Price, brand and basic specs. These are the variables that most people use to narrow down their choice of laptop. When it comes to general mobility, the weight plays a factor too.
If you’re thinking of buying a lightweight Sandy Bridge (2nd Generation Intel Core processors) laptop though, the bargain of the moment has to be the Lenovo X121e. At about 500 pounds inclusive operating system and taxes (406 pounds before tax at Ballicom here) it’s half the expected price of an. (*1)
Yes, there will be some subtle differences which make Ultrabooks ‘better’ but will they be enough?
– Core i5 instead of Core i3 bringing Turbo boost
– Intel Wi-Di capable and ‘always updated’ network hardware and software (and possibly bios)
– Simmer, lighter design
– Fast SSD storage
The key feature of the Ultrabook for me is the high dynamic range of compute power.
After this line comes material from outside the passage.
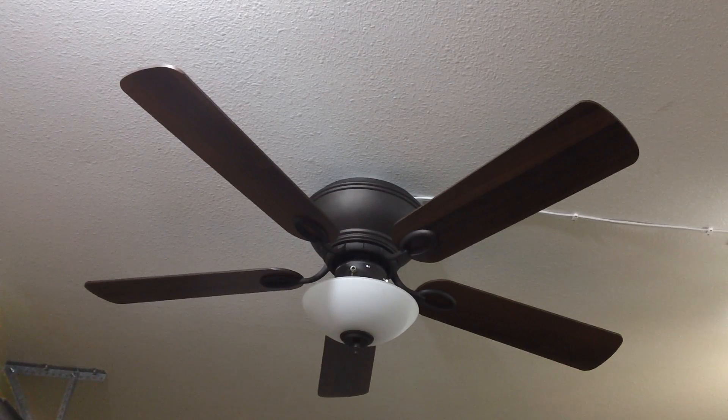This is going to be a video of this 52-inch Hampton Bay brand Renwick ceiling fan that I got at my local Habitat ReStore. I got it because I'm actually a volunteer there, and basically what I do for them is refurbish ceiling fans and make them more sellable and run better than how they previously came in.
I like that the Sandy Bridge platform works well for average daily computing at 800Mhz and I like the Intel Quick Sync Video processing that can really help 720p video editing and upload in mobile and time-critical situations. Yes, I would like the turbo boost feature and, 1kg weight and the fast SSD will enhance the experience a lot but I can’t justify that 2x spend right now.
Like the Samsung Series 3, the X121e is approaching Ultrabook territory without the price tag.
(*1) Assumption is that $1000 Ultrabooks in the USA will translate to about £1000 when circa 20% sales tax is added in many European countries.